▸ **Problem**: Your job with the data below is to output exactly the lines from the one holding "Sualkuchi Casa | Vintage Villa" down to the one holding "حقيبة كروس رجالية تومي هيلفيغر /كحلي", both included, and no others.

▸ **Data shown**:

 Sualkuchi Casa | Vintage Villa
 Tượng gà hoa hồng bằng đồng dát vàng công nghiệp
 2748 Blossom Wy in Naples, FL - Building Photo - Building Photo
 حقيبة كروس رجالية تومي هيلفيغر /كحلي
--
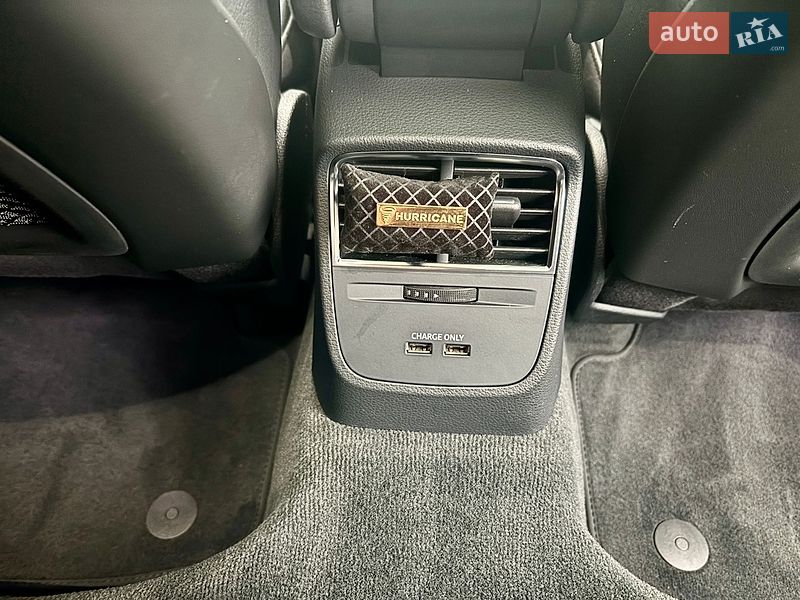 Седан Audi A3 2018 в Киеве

▸ **Solution to this exercise**:
 Sualkuchi Casa | Vintage Villa
 Tượng gà hoa hồng bằng đồng dát vàng công nghiệp
 2748 Blossom Wy in Naples, FL - Building Photo - Building Photo
 حقيبة كروس رجالية تومي هيلفيغر /كحلي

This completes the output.